Prime multifamily and logistics assets, trophy office buildings, mid-size food retail units and data centres in Europe should attract core and core+ real estate investors in 2023, according to Savills.
The adviser anticipates a number of multifamily transactions in key cities in Germany, the UK, the Nordics, Spain and France where the imbalance between supply and demand may result in rapid rental increases.
With historically low vacancy rates in logistics and a projected drop in speculative development, the UK, Germany, the Netherlands, France, and Spain will continue to see rents rise.
Prime retail parks and shopping centres in Southern Europe, where inflation and stock per capita are relatively low compared to the rest of Europe, are Savills' top recommendation for value-add investors.
Repositioning lower-rated office buildings to higher standards is another possibility, particularly in cities with a high stock, like Paris and Frankfurt, and in countries where the window for obtaining high EPC ratings is limited, like the Netherlands.
New PBSA assets in Spanish and Italian cities, where the offer of beds per student is among the lowest in Europe and where student populations are anticipated to increase, are further investment possibilities.
Savills also sees prospects for the life science sector in Western Europe, particularly in the UK, Germany, France, the Netherlands, Belgium and Switzerland.

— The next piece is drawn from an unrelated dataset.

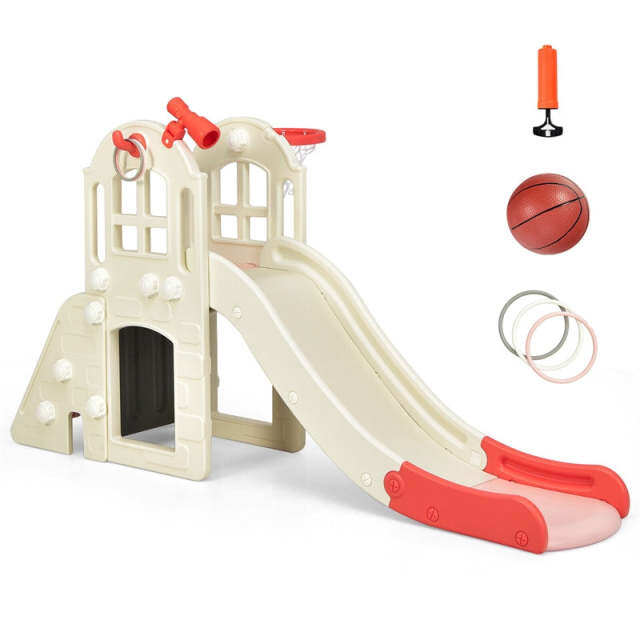 6-in-1 Large Slide for Kids, Toddler Climber Slide Playset with Basketball Hoop, Ring Toss, Freestanding for Indoor & Outdoor Use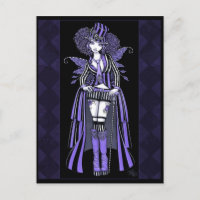 Fiona Purple Gothic Couture Fairy Postcard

Marcus Lemli, CEO Germany and head of investment Europe at Savills, said: ‘We are already starting to see an easing off of some of the external factors that have brought the European investment market to a standstill in some countries this year, including interest rates stabilising, and energy prices and inflation starting to level off. As a result, we are expecting a game of two halves next year with owners and buyers becoming more realistic as the year progresses. As pricing becomes more transparent, this should encourage more sellers to bring product to the market at the right price, unlocking liquidity.’
Lydia Brissy, director European research at Savills, added: ‘While the market has undoubtably become more challenging as the year progressed, next year promises more opportunities for investors who are ready to take on some risk by repurposing distressed real estate assets after strong price correction.’